§ **Exercise directions**:
Once the line containing "Александр Третьяков" is found, set down that line and each one after it exactly, through the end of the entries.
· · · ·
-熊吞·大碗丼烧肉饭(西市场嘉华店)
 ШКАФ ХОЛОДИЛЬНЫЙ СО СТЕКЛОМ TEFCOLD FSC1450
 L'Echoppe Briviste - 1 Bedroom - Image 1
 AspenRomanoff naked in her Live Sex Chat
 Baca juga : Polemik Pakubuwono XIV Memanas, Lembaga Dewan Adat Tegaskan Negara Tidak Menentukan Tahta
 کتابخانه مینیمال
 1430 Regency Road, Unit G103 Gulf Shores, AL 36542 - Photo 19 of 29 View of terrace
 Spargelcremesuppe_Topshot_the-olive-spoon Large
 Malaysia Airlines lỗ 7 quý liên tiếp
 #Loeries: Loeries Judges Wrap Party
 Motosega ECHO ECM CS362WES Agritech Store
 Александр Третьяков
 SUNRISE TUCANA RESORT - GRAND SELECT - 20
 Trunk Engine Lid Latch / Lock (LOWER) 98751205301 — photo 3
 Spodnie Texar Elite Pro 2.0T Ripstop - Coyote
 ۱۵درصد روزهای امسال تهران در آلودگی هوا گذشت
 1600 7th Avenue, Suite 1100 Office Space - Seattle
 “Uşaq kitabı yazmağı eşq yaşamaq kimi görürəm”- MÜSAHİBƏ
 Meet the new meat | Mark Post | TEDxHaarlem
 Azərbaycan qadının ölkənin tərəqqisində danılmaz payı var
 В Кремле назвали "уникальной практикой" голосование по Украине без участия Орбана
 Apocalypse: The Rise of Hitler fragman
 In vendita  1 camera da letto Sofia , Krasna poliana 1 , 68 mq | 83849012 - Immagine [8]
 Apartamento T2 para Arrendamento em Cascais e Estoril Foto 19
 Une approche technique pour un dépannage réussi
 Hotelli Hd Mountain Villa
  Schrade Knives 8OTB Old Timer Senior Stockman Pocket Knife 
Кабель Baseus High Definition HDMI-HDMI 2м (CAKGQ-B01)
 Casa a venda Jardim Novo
· · · ·
§ **The completed task**:
 Александр Третьяков
 SUNRISE TUCANA RESORT - GRAND SELECT - 20
 Trunk Engine Lid Latch / Lock (LOWER) 98751205301 — photo 3
 Spodnie Texar Elite Pro 2.0T Ripstop - Coyote
 ۱۵درصد روزهای امسال تهران در آلودگی هوا گذشت
 1600 7th Avenue, Suite 1100 Office Space - Seattle
 “Uşaq kitabı yazmağı eşq yaşamaq kimi görürəm”- MÜSAHİBƏ
 Meet the new meat | Mark Post | TEDxHaarlem
 Azərbaycan qadının ölkənin tərəqqisində danılmaz payı var
 В Кремле назвали "уникальной практикой" голосование по Украине без участия Орбана
 Apocalypse: The Rise of Hitler fragman
 In vendita  1 camera da letto Sofia , Krasna poliana 1 , 68 mq | 83849012 - Immagine [8]
 Apartamento T2 para Arrendamento em Cascais e Estoril Foto 19
 Une approche technique pour un dépannage réussi
 Hotelli Hd Mountain Villa
  Schrade Knives 8OTB Old Timer Senior Stockman Pocket Knife 
Кабель Baseus High Definition HDMI-HDMI 2м (CAKGQ-B01)
 Casa a venda Jardim Novo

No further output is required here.